>>

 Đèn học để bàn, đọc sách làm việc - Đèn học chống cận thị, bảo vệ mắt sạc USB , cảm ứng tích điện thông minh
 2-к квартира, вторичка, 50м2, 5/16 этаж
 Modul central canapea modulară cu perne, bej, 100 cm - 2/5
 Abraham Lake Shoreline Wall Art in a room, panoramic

<<
>>

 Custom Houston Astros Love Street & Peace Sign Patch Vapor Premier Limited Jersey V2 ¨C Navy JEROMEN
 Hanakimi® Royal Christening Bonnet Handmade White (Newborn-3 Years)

<<

**YOUR TASK:**
Return a word-for-word copy of the lines above from the one holding "Đèn học để bàn, đọc" through the one holding "Abraham Lake Shoreline", with both of them included and nothing besides.

**REPLY:**
 Đèn học để bàn, đọc sách làm việc - Đèn học chống cận thị, bảo vệ mắt sạc USB , cảm ứng tích điện thông minh
 2-к квартира, вторичка, 50м2, 5/16 этаж
 Modul central canapea modulară cu perne, bej, 100 cm - 2/5
 Abraham Lake Shoreline Wall Art in a room, panoramic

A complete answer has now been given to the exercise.